This morning I'd woke up with a desert for a mouth and a new appreciation for Kenny, that he would absolutely never hear about, whether I saw him again or not. My sister's fiancé was an asshole at times, but his annoying insistence for drinking two litres a day 'for my health' had led me to own too many gifted water bottles and developing a habit of throwing one in my bag when I left the house, even if I rarely drank from it. I'd been nursing the one I threw into my handbag to meet up with Laura through my long trek through the night, and this morning, sipping when I felt thirsty and not a moment before then.
I didn't know when I'd next see any running water, and I wasn't about to die of dehydration any time soon.
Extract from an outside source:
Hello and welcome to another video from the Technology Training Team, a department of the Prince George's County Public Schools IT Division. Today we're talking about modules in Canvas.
That was not the way I was going out.
It almost felt like it was, though, when by the end of the second day walking through the woods with no hint of another person in sight, my throbbing ankle felt like it was going to give out on me, my water bottle was down to its last few swigs, and the first sign of rain started filtering through the canopy.
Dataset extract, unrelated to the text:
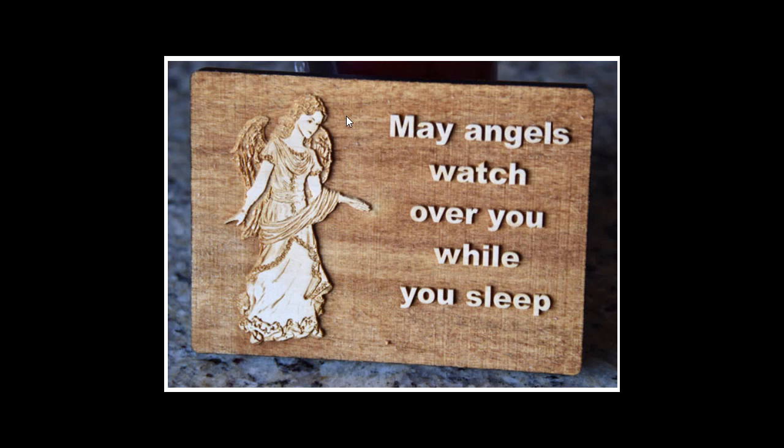Thanks for watching. And again, it's laser photo wizard at laser photo wizard dot com.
I needed to find a river, or a village, or hell just a hermit living out in a cabin in the woods would do me right now.
Another branch smacked me in the face, and I slapped at it with a frustrated shout, hissing as rain splashed over my cheeks, too.
"Oh." The anger dissipated as I stared up at the sight in front of me. "What...?"
Definitely not the type of human contact I had expected to see, but the sight of an old man pinned to a large tree was living proof that I wasn't alone here, wherever here was. The roots of that tree had grown around him, though. How had that happened? To grow like that, he must have been there for a long time, but that was impossible.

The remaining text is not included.